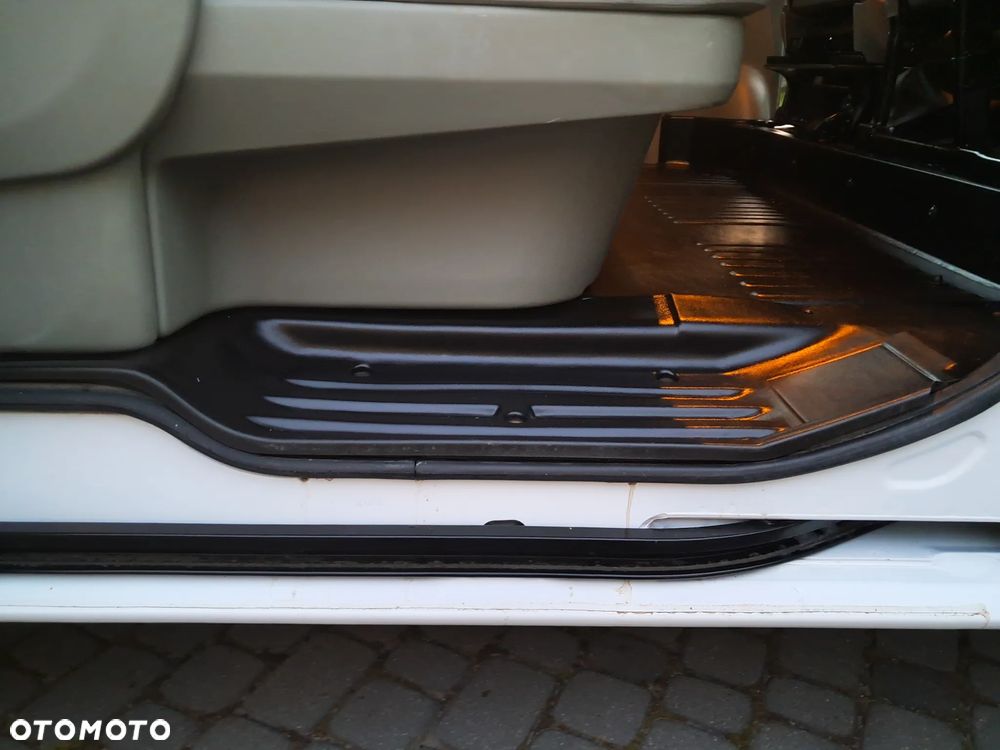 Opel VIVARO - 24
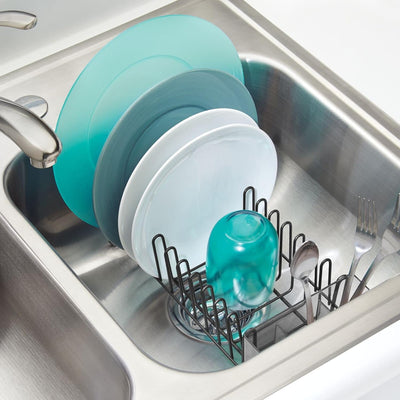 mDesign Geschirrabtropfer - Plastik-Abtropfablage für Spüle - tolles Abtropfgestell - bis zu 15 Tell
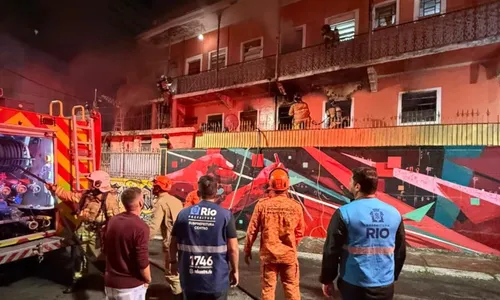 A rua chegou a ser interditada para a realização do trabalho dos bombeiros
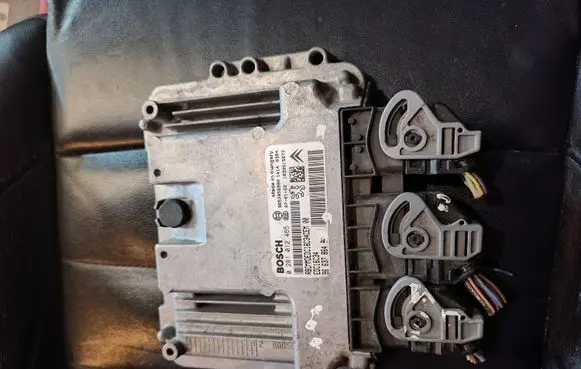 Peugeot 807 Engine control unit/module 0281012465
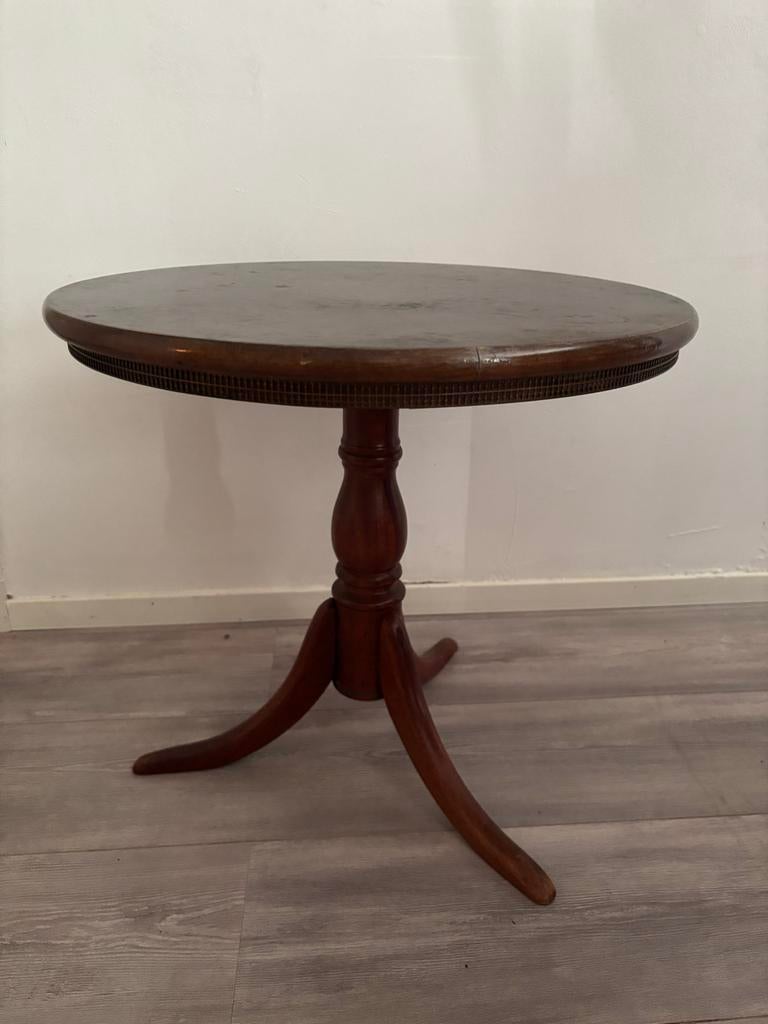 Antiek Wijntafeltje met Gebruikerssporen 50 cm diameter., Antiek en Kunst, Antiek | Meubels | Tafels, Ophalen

######

### Exercise goal
Retype exactly the lines above, starting at the line containing "A rua chegou" and ending with the last line, both included; leave out the pictures.

### Solution for this exercise
 A rua chegou a ser interditada para a realização do trabalho dos bombeiros
 Peugeot 807 Engine control unit/module 0281012465
 Antiek Wijntafeltje met Gebruikerssporen 50 cm diameter., Antiek en Kunst, Antiek | Meubels | Tafels, Ophalen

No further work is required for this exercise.